WHAT THIS TASK INVOLVES => The records follow. Print, word for word, the first line through the "90s Hanes USA製 バックプリントスウェット ホワイト M" line.

EXTRACTED ENTRIES Start Marker

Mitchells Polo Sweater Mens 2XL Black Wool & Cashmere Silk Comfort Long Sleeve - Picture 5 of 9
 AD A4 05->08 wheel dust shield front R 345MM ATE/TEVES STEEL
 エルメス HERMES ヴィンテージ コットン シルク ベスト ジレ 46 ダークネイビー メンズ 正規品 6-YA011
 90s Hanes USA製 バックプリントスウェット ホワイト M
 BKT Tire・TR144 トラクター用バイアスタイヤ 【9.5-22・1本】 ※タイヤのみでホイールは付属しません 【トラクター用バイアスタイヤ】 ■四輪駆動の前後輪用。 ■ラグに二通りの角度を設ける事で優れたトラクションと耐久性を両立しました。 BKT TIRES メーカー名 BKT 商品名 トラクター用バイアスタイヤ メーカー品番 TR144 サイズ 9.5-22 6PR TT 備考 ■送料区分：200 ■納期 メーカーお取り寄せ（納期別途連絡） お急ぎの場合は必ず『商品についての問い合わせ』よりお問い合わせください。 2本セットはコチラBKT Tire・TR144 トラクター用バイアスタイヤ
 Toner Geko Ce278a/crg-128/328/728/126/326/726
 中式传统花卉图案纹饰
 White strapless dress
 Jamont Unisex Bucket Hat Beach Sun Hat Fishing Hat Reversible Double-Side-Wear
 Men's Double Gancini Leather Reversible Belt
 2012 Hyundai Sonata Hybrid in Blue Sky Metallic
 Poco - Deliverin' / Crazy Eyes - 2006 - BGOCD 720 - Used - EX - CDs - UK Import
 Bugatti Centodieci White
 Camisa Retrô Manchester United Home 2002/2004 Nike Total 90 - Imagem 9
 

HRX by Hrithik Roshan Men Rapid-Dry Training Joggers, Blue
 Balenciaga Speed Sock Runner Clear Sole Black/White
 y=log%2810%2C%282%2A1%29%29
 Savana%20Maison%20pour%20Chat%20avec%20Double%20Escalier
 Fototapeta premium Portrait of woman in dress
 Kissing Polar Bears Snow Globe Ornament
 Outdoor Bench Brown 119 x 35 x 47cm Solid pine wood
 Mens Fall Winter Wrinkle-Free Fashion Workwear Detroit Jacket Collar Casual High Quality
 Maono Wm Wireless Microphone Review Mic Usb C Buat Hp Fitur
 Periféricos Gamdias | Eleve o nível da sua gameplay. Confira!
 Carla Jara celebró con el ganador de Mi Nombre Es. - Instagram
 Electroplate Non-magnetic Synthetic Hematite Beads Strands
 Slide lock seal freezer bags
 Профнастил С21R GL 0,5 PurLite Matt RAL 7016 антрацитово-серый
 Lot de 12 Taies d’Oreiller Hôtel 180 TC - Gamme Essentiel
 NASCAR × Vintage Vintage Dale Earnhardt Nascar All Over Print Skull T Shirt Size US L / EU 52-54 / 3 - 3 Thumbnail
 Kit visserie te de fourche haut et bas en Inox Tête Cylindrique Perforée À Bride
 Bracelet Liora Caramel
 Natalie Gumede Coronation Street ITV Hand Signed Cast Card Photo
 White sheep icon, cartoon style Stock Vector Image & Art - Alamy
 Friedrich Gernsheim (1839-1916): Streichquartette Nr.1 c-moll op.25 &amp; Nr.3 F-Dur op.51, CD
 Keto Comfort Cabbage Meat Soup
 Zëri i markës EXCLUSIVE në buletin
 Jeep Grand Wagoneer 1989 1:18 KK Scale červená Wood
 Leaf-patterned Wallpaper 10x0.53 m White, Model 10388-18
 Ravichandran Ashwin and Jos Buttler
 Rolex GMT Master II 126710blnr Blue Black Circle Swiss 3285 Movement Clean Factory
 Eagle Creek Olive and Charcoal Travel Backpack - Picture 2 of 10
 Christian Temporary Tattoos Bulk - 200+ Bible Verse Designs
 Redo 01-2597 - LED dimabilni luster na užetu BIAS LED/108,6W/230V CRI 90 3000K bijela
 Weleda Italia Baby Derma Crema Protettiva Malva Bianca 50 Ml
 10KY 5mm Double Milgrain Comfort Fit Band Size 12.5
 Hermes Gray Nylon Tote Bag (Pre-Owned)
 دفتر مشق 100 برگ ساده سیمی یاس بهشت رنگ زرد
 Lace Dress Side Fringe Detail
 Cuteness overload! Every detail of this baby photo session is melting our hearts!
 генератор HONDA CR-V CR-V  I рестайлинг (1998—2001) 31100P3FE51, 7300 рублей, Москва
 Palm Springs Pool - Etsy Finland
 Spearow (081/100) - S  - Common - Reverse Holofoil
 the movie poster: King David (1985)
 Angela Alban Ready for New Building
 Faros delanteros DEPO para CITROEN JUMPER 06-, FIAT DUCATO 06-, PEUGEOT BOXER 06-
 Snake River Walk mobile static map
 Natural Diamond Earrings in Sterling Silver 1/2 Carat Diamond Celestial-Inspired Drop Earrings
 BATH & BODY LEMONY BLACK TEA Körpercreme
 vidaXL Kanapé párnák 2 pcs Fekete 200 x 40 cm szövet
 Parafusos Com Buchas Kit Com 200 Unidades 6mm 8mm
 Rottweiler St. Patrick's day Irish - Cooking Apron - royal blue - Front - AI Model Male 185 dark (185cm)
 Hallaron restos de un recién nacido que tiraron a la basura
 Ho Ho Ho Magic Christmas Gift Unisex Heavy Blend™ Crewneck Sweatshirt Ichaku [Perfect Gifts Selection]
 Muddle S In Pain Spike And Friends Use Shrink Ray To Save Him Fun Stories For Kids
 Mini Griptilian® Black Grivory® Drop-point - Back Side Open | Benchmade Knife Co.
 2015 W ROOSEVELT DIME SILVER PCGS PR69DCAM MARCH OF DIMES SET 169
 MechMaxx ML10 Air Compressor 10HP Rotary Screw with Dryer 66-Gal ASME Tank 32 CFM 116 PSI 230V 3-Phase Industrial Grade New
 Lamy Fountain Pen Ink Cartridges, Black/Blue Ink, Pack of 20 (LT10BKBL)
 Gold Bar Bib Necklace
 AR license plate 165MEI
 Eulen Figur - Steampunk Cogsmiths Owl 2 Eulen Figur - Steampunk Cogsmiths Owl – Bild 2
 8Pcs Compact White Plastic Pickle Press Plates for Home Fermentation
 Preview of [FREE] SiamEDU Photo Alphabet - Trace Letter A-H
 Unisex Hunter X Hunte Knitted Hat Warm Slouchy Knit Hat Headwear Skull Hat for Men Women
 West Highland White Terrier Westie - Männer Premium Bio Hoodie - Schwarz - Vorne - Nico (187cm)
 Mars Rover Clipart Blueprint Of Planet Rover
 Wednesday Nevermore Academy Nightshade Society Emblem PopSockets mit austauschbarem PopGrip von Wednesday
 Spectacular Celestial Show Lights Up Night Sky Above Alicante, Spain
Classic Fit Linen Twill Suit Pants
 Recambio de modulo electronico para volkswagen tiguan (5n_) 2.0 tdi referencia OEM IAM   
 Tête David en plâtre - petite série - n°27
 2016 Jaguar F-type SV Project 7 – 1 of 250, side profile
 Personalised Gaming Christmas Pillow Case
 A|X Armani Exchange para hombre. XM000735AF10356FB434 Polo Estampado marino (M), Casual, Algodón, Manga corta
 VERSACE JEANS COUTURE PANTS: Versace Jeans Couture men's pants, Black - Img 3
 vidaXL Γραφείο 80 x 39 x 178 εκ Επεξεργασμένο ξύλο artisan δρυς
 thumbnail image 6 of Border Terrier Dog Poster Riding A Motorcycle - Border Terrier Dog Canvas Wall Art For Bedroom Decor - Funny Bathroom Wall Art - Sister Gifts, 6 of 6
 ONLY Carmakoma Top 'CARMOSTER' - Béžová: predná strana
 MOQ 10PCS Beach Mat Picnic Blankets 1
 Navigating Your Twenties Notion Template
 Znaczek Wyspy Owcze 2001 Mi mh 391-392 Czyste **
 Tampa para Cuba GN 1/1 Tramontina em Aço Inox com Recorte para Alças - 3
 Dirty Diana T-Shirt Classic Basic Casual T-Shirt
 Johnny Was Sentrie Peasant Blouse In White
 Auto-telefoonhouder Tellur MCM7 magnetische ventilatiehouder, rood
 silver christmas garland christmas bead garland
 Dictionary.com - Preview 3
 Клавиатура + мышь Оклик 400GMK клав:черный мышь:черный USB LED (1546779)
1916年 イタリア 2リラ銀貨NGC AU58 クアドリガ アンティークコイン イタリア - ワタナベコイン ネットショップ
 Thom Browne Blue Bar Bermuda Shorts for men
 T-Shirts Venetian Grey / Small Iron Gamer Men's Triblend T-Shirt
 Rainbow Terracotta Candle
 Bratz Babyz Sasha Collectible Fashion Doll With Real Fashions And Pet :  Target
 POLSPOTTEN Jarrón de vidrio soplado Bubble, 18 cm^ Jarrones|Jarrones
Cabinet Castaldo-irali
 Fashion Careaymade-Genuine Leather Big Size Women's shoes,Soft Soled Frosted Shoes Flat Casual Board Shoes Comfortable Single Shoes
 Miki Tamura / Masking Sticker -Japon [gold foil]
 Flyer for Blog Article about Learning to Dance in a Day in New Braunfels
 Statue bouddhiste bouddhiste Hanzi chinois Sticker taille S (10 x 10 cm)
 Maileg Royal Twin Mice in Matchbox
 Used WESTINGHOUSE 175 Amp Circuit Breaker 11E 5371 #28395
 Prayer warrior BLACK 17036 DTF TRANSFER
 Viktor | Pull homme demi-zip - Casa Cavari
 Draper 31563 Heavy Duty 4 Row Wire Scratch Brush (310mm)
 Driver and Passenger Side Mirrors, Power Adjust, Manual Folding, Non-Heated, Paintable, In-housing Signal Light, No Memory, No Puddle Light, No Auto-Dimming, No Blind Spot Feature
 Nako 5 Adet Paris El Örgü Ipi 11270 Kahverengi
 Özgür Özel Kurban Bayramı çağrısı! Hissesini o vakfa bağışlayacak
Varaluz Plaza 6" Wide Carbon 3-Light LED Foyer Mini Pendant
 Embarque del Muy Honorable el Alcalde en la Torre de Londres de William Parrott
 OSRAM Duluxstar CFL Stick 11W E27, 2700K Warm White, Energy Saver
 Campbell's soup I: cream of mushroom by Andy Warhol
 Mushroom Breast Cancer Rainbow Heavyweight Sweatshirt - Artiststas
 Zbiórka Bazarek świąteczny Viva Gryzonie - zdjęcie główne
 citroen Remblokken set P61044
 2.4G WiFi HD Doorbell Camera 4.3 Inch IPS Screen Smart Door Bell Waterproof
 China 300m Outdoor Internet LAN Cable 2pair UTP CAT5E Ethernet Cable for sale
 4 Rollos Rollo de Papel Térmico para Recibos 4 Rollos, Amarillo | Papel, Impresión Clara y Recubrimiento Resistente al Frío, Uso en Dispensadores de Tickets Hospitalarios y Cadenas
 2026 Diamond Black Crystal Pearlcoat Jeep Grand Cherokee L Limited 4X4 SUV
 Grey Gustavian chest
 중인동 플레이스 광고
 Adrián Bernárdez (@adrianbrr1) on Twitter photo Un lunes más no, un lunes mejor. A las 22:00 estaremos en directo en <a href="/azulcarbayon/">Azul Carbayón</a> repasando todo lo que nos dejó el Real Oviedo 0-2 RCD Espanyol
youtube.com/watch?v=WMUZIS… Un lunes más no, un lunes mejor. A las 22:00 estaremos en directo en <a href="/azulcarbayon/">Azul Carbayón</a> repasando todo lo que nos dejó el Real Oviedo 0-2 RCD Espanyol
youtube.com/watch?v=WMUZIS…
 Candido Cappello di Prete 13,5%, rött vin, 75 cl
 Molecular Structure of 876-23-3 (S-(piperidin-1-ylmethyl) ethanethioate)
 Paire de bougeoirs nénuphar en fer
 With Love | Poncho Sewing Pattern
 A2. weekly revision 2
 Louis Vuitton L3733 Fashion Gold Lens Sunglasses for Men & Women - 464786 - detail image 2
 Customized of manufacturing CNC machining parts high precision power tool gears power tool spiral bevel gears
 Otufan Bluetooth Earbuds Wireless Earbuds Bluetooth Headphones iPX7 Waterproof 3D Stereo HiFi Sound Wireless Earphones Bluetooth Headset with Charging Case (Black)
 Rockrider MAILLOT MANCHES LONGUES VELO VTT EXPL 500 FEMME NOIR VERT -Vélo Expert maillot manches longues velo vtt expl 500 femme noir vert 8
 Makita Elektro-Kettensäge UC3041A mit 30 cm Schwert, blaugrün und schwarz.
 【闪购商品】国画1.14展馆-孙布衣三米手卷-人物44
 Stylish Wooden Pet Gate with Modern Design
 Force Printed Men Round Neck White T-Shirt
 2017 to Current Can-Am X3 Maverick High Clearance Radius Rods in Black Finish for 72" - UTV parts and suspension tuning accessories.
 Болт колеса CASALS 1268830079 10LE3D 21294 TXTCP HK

EXTRACTED ENTRIES End Marker

ANSWER TO THIS EXERCISE =>
Mitchells Polo Sweater Mens 2XL Black Wool & Cashmere Silk Comfort Long Sleeve - Picture 5 of 9
 AD A4 05->08 wheel dust shield front R 345MM ATE/TEVES STEEL
 エルメス HERMES ヴィンテージ コットン シルク ベスト ジレ 46 ダークネイビー メンズ 正規品 6-YA011
 90s Hanes USA製 バックプリントスウェット ホワイト M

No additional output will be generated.